We'll need to pass it through (assuming we want to keep supporting
dm, see the recent discussion with Dan).
FYI, here is a sketch where I'd like to move to, but this isn't properly
tested yet:
http://git.infradead.org/users/hch/misc.git/shortlog/refs/heads/dax-devirtualize
To support something like DAXDEV_F_RECOVERYwe'd need a separate
dax_operations methods. Which to me suggest it probably should be
a different operation (fallocate / ioctl / etc) as Darrick did earlier.

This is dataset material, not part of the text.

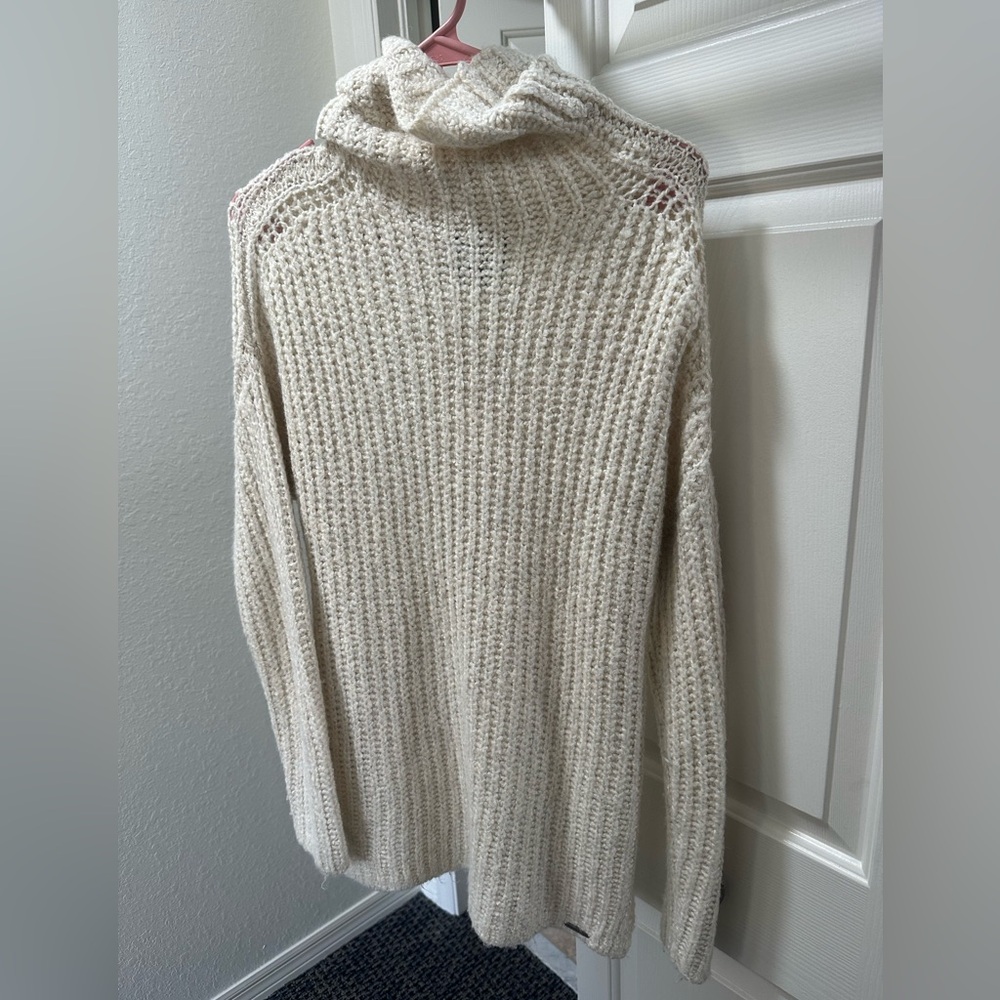 Abercrombie white turtleneck sweater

On Fri, Oct 22, 2021 at 01:37:28AM +0000, Jane Chu wrote:
> On 10/21/2021 4:31 AM, Christoph Hellwig wrote:
> > Looking over the series I have serious doubts that overloading the
> > slow path clear poison operation over the fast path read/write
> > path is such a great idea.
> >
>
> Understood, sounds like a concern on principle. But it seems to me
> that the task of recovery overlaps with the normal write operation
> on the write part. Without overloading some write operation for
> 'recovery', I guess we'll need to come up with a new userland
> command coupled with a new dax API ->clear_poison and propagate the
> new API support to each dm targets that support dax which, again,
> is an idea that sounds too bulky if I recall Dan's earlier rejection
> correctly.
When I wrote the above I mostly thought about the in-kernel API, that
is use a separate method. But reading your mail and thinking about
this a bit more I'm actually less and less sure that overloading
pwritev2 and preadv2 with this at the syscall level makes sense either.
read/write are our I/O fast path. We really should not overload the
core of the VFS with error recovery for a broken hardware interface.

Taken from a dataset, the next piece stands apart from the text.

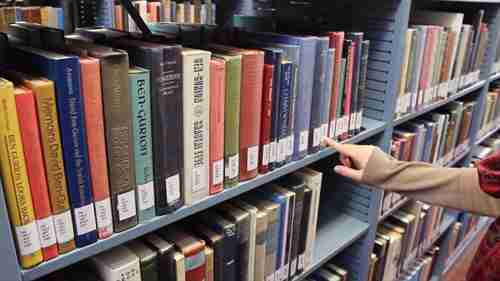 如何整理图书馆的书架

On Thu, Oct 21, 2021 at 06:58:17PM -0700, Darrick J. Wong wrote:
> On Fri, Oct 22, 2021 at 01:37:28AM +0000, Jane Chu wrote:
> > On 10/21/2021 4:31 AM, Christoph Hellwig wrote:
> > > Looking over the series I have serious doubts that overloading the
> > > slow path clear poison operation over the fast path read/write
> > > path is such a great idea.
>
> Why would data recovery after a media error ever be considered a
> fast/hot path?
Not sure what you're replying to (the text is from me, the mail you are
repling to is fom Jane), but my point is that the read/write
got path should not be overloaded with data recovery.
> A normal read/write to a fsdax file would not pass the
> flag, which skips the poison checking with whatever MCE consequences
> that has, right?
Exactly!
> pwritev2(..., RWF_RECOVER_DATA) should be infrequent enough that
> carefully stepping around dax_direct_access only has to be faster than
> restoring from backup, I hope?
Yes. And thus be kept as separate as possible.
On 10/21/2021 10:33 PM, Christoph Hellwig wrote:
> On Fri, Oct 22, 2021 at 12:49:15AM +0000, Jane Chu wrote:
>> I've looked through your "futher decouple DAX from block devices" series
>> and likes the use of xarray in place of the host hash list.
>> Which upstream version is the series based upon?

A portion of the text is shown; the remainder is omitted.